18. The apparatus as in claim 16, further including a controller operatively connected to said transfer element coupling mechanism and said transfer shaft coupling mechanism.

19. The apparatus as in claim 11, further including a driven rotatable transfer shaft associated therewith, positioned adjacent the storage space, and a transfer shaft coupling mechanism for selectively coupling said drive shaft to said transfer shaft for dependent rotation therewith, said transfer shaft coupling mechanism including a drive key carried by said drive shaft for dependent rotation therewith and movable between an engaged position for coupling said transfer shaft and said drive shaft, and a disengaged position where said drive shaft and said transfer shaft are uncoupled, said transfer shaft coupling mechanism further including an actuator operatively connected to said drive key, said actuator being carried by said drive shaft for dependent rotation therewith, and further including a controller operatively connected to said transfer element coupling mechanism, said transfer shaft coupling mechanism, and said gate coupling mechanism.

20. The apparatus as in claim 19, further including a second gating mechanism for selectively permitting or blocking items from being transferred between a second storage space and the outside location, said second gating mechanism including:

(i) a second rotatable gating shaft positioned adjacent the second storage space, and the outside location,

(ii) at least one second gate element operatively associated with said second gating shaft and having a proximal end and a distal portion, said second gate element also being disposed to cooperate with said transfer element, and

(iii) a second gate coupling mechanism also coordinated with said transfer element coupling mechanism for selectively coupling said second gate element proximal end with said second gating shaft for dependent rotation therewith,

still further including a second driven rotatable transfer shaft positioned adjacent the second storage space, and a second transfer shaft coupling mechanism for selectively coupling said drive shaft to said second transfer shaft for dependent rotation therewith, said second transfer shaft coupling mechanism including a second drive key carried by said drive shaft for dependent rotation therewith and movable between an engaged position for coupling said second transfer shaft and said drive shaft, and a disengaged position where said drive shaft and said second transfer shaft are uncoupled, said actuator also operatively connected to said second drive key

wherein said controller also is operatively connected to said second transfer element coupling mechanism and said second transfer shaft coupling mechanism.

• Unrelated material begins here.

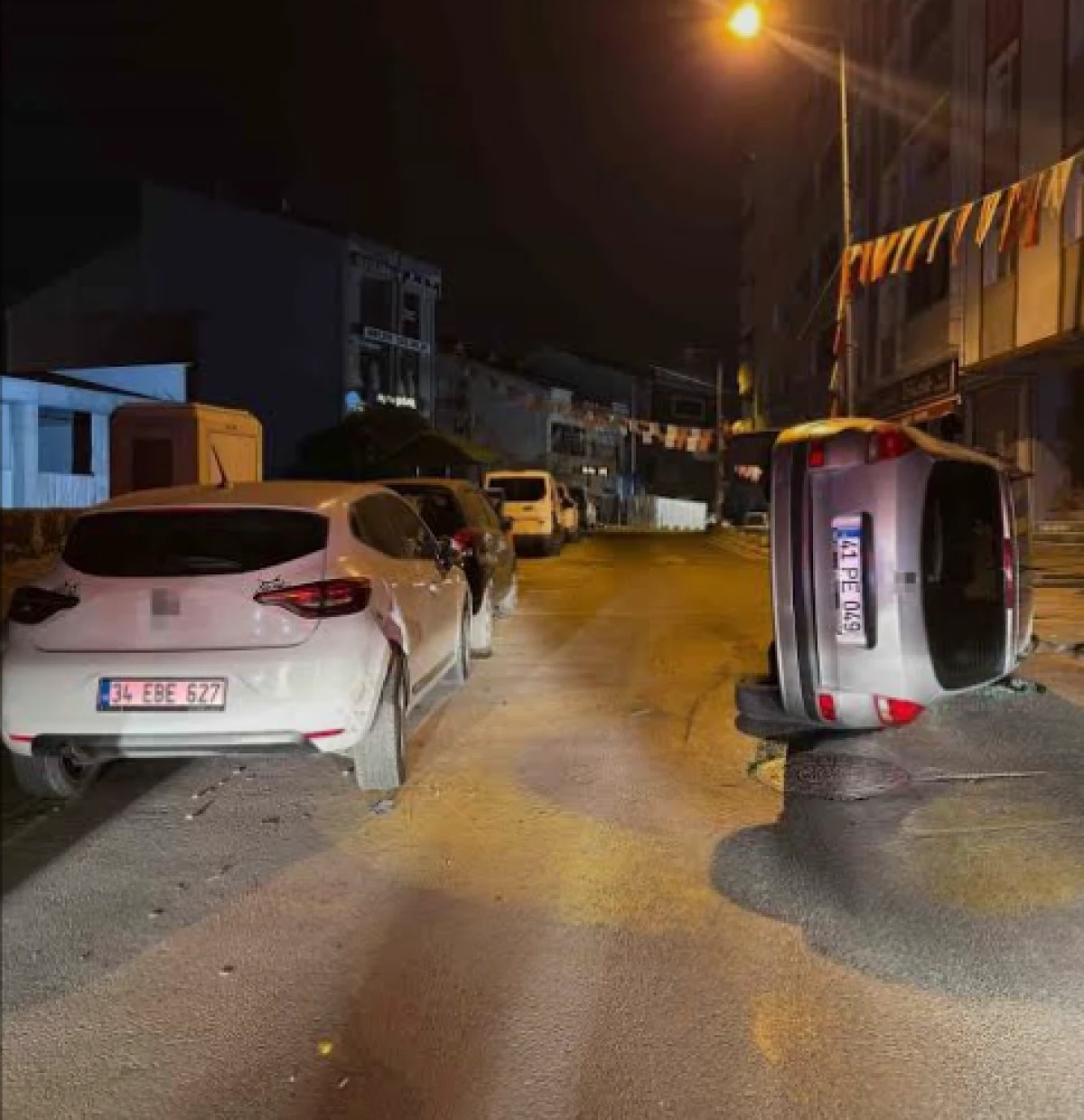 Arnavutk&ouml;y'de otomobil, park halindeki araca &ccedil;arpıp yan yattı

21. Method for selectively transferring storable items between a storage space and a location outside the storage space, the transfer mechanism comprising:

(i) providing a rotatable drive shaft positioned proximate the storage space and the outside location,

(ii) providing a plurality of transfer elements operatively associated with said drive shaft each having a distal portion configured for engaging an item and a proximal end;

(iii) oscillating the drive shaft;

(iv) selectively coupling the proximal ends of selected ones of the plurality of transfer elements to the oscillating drive shaft for dependent oscillation therewith, said selected transfer elements rotatively moving items between a position in the storage space and the outside location; and

(v) restraining transfer elements not selected from oscillating when the drive shaft is oscillating.